Task to carry out:
Exclude the pictures from your copy, and reproduce each entry below verbatim.

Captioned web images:
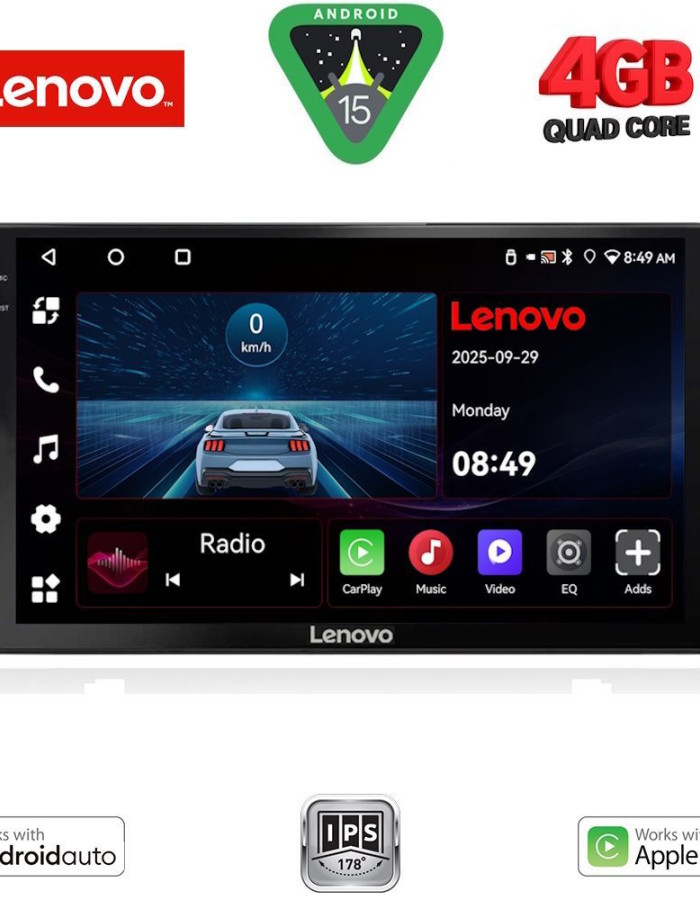 LENOVO LVE 8584_CPAA (10inc) MULTIMEDIA TABLET for SKODA KAROQ - KODIAQ mod. 2016-2024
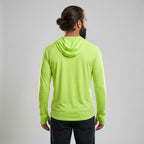 Sudadera con capucha UPF 50+ para hombre – Top UV ligero de secado rápido para senderismo y pesca con presillas para pul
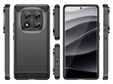 Etui do Xiaomi Redmi Note 14 Pro 5G / Xiaomi Poco X7 5G, Carbon, czarne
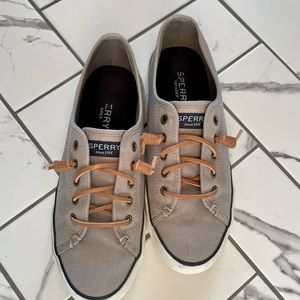 Sperry Topsider grey womens shoes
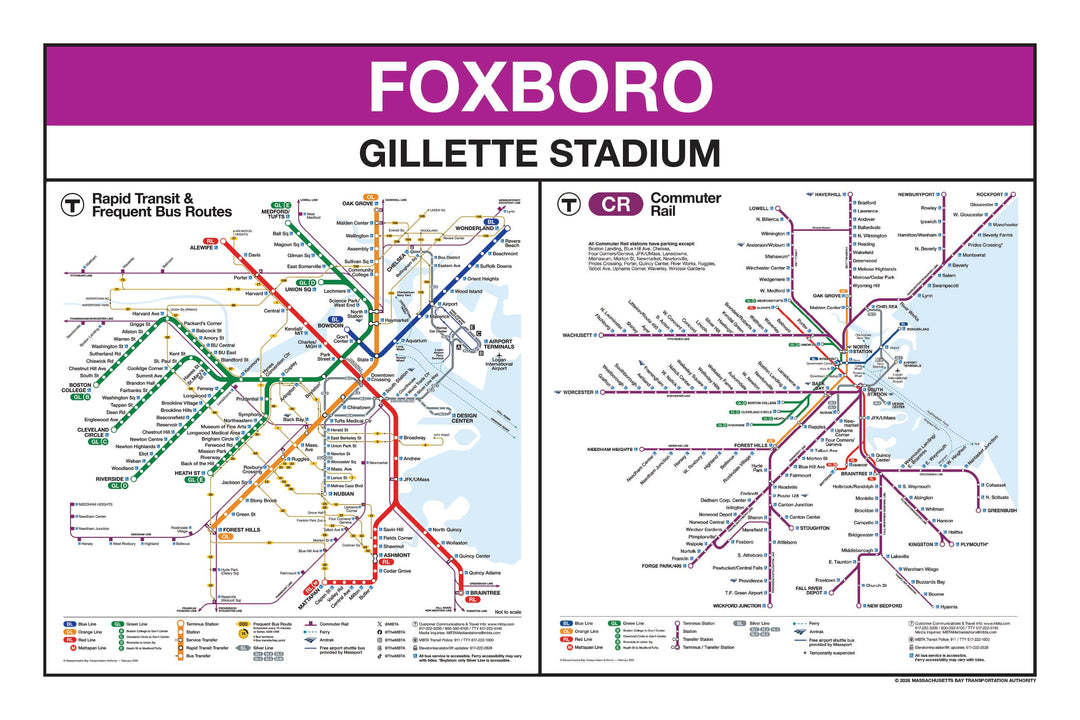 Boston MBTA Commuter Rail Station Panel Prints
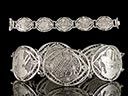 Antique Silver Egyptian Filigree Bracelet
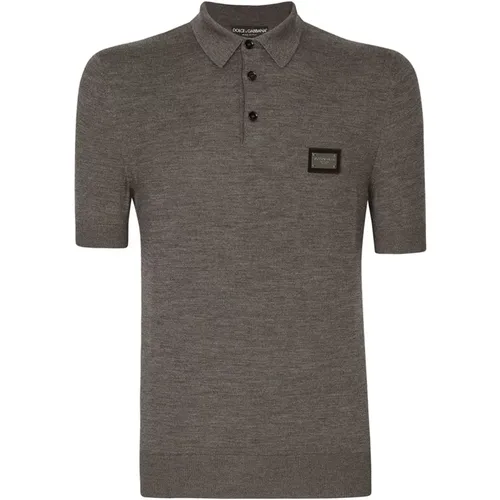 Klassisches Polo T-Shirt - Dolce & Gabbana - Modalova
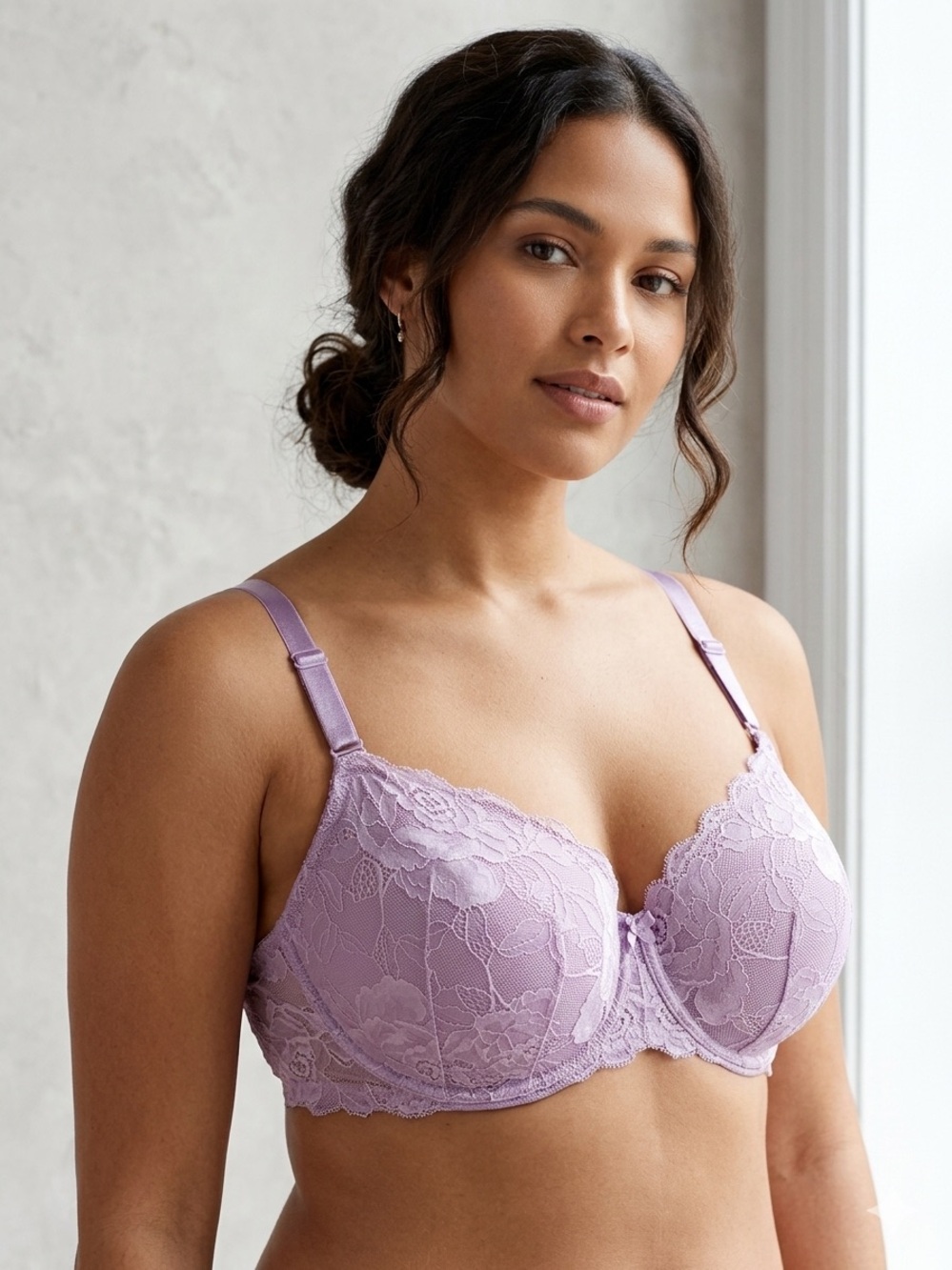 Torrid Curve lavender purple lace adjustable bra size 44C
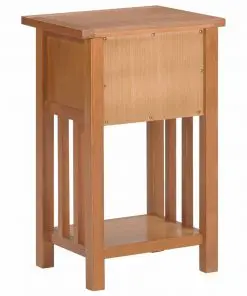 vidaXL Magazine Table with Drawer 35x27x55 cm Solid Oak Wood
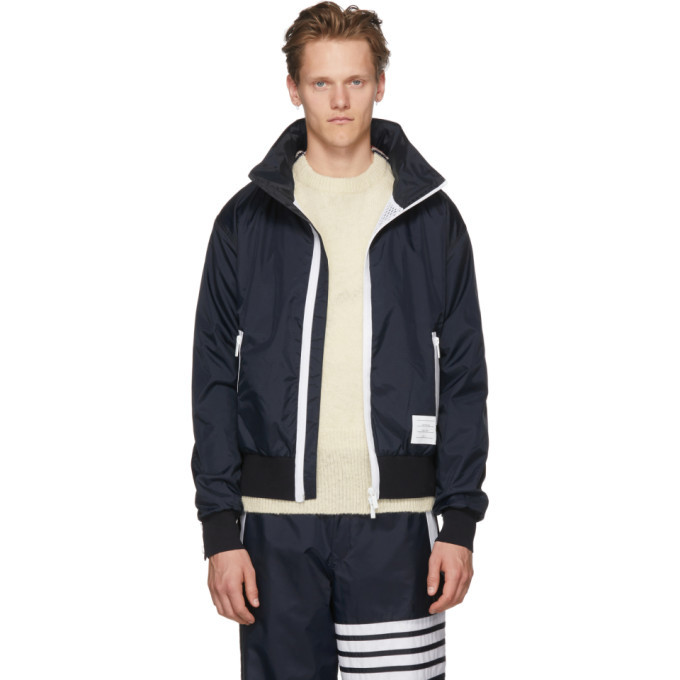 thom browne navy hoodie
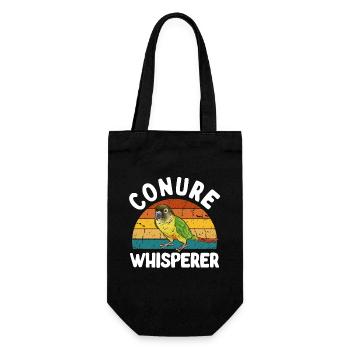 Molina Parakeet Parrot Bird Parakeet - Gift Bag for Bottles - black - Front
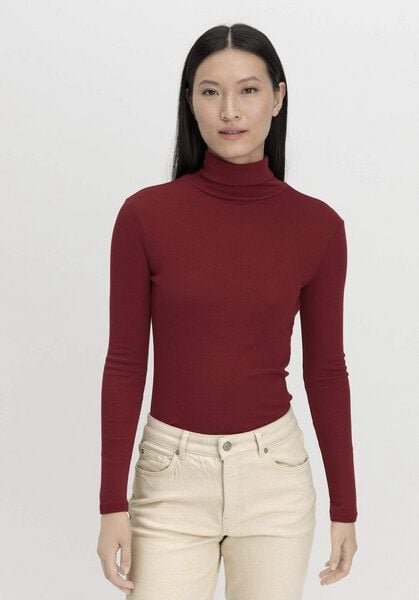 hessnatur Soft Rib Rollkragen Shirt Fitted aus Bio-Baumwolle und TENCEL Modal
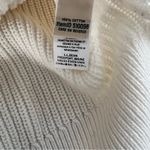 LL Bean‎ Womens Striped Chunky Cable Knit Sweater Size XS White Pink Gray Photo 3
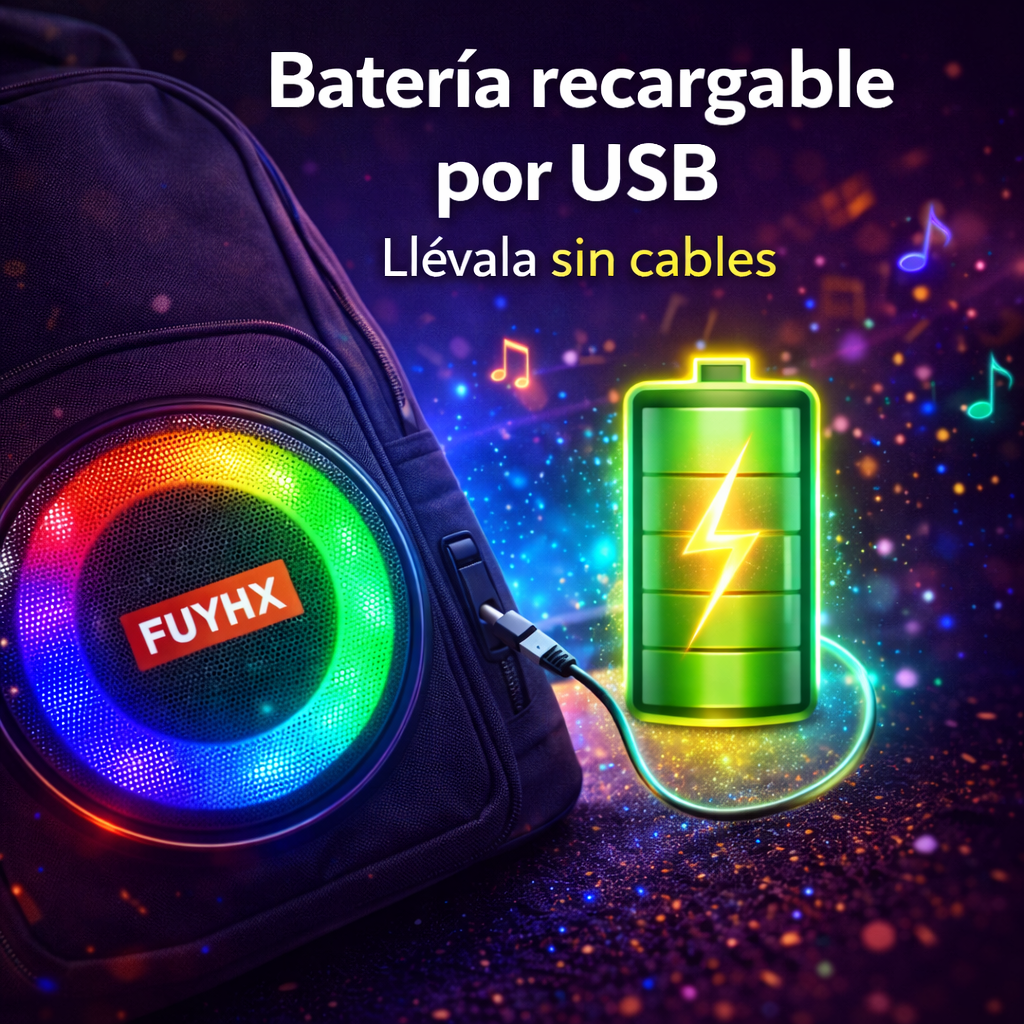 Tu música ahora camina contigo con la mochila parlante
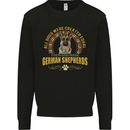 A German Shepherd Dog Kids Sweatshirt Jumper Black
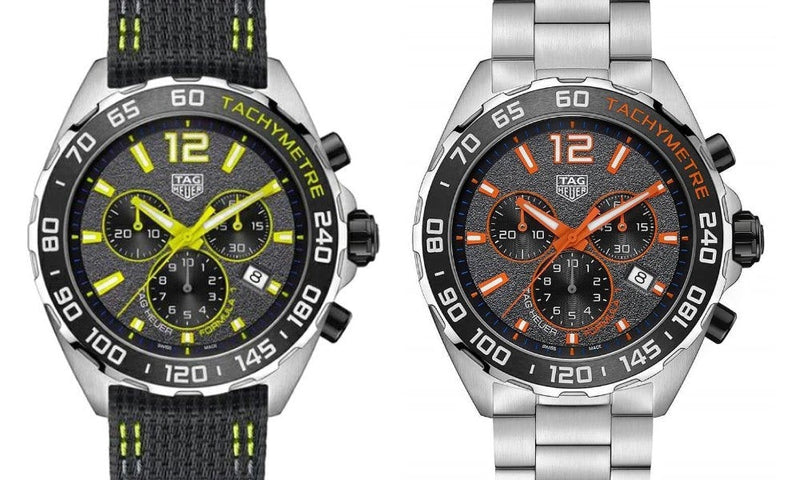 Shop Tag Heuer Formula 1 Chronograph Ceramic Black Dial Silver Steel Strap Watch for Men - CAZ101AH.BA0842 in USA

Expected output:
 LENOVO LVE 8584_CPAA (10inc) MULTIMEDIA TABLET for SKODA KAROQ - KODIAQ mod. 2016-2024
 Sudadera con capucha UPF 50+ para hombre – Top UV ligero de secado rápido para senderismo y pesca con presillas para pul
 Etui do Xiaomi Redmi Note 14 Pro 5G / Xiaomi Poco X7 5G, Carbon, czarne
 Sperry Topsider grey womens shoes
 Boston MBTA Commuter Rail Station Panel Prints
 Antique Silver Egyptian Filigree Bracelet
 Klassisches Polo T-Shirt - Dolce & Gabbana - Modalova
 Torrid Curve lavender purple lace adjustable bra size 44C
 vidaXL Magazine Table with Drawer 35x27x55 cm Solid Oak Wood
 thom browne navy hoodie
 Molina Parakeet Parrot Bird Parakeet - Gift Bag for Bottles - black - Front
 hessnatur Soft Rib Rollkragen Shirt Fitted aus Bio-Baumwolle und TENCEL Modal
 LL Bean‎ Womens Striped Chunky Cable Knit Sweater Size XS White Pink Gray Photo 3
 Tu música ahora camina contigo con la mochila parlante
 A German Shepherd Dog Kids Sweatshirt Jumper Black
 Shop Tag Heuer Formula 1 Chronograph Ceramic Black Dial Silver Steel Strap Watch for Men - CAZ101AH.BA0842 in USA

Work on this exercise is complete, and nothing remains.